Turbulence in Developing Markets
There is more growth in soft drinks overseas, but there is also more volatility. As an example, consider Coca-Cola Femsa (KOF). Its third quarter results look excellent but it seemed in dire straits based on second quarter results. This stock is a wild ride.
Coca-Cola Femsa's third quarter results with revenues grew 20.3% year-over-year in third quarter 2012. Their improved operating margins accelerated operating income at a rate of 26.6%. During a third quarter earnings event conference call, Chief Executive Officer Carlos Salazar Lomelin stated: "After facing a very tough commodity and volatile currency environment over the past several quarters, we look forward to a strong close of the year."
When you take a look at their second quarter net income however, one sees a completely different picture. Analysts had estimated a 2.96 billion peso profit ($200 million) but the reported profits were 2.71 billion pesos ($198 million). Coca-Cola Femsa was further derailed by the weakening peso which slid by 12% against the dollar. Net income fell by 9% with the cost of labor and freight increasing in Argentina and Venezuela which pushed these expenses up by about 38%.

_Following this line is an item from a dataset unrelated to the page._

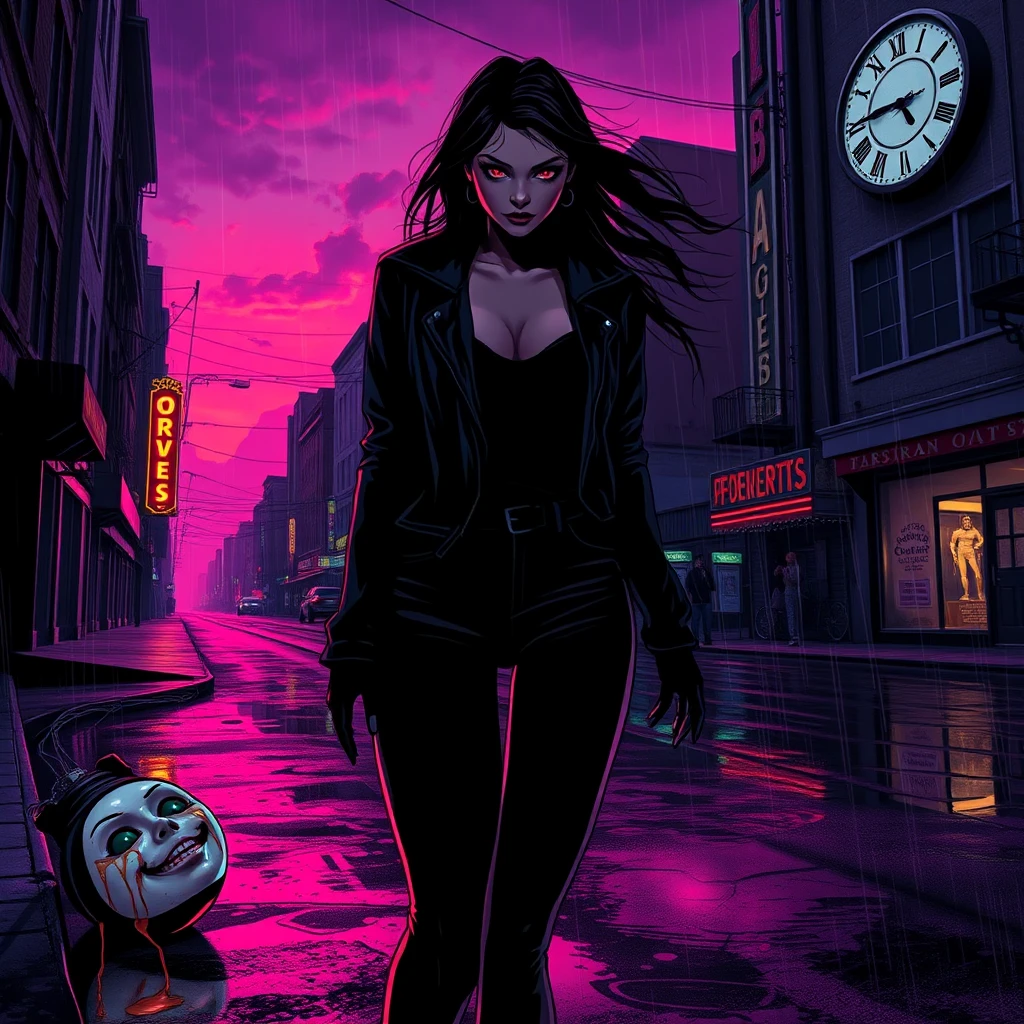 Mulher sozinha em uma rua molhada de cidade surreal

This volatility and growth will probably continue for Coca-Cola Femsa as it expands beyond Latin America with a business unit in the Philippines. Unfortunately, investors should avoid this stock at current price levels which anticipate extreme growth. High growth expectations are clearly priced into KOF shares at a 2.45 price-to-sales ratio and a rich 29.58 price-to-earnings ratio.

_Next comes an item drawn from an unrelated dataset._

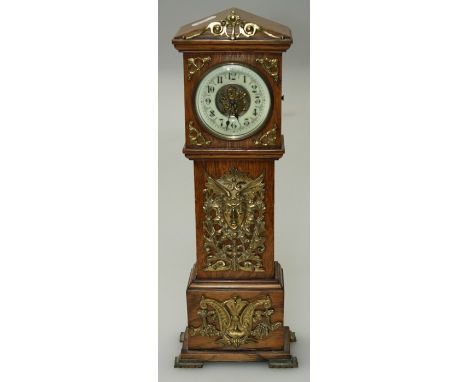 An early 20th century miniature oak longcase clock, with applied gilt metal mounts and thirty hour movement faced by ivorine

Investors need to exercise patience in the face of high valuations. Many non-alcoholic beverage giants are trading at fair to high valuations, not compelling ones. Investors interested in an income investment may consider Dr Pepper Snapple Group. Investors may also consider lesser-known companies like Premier Brands as speculative growth plays. However, value investors should shy away from larger, established firms trading at fancy price multiples.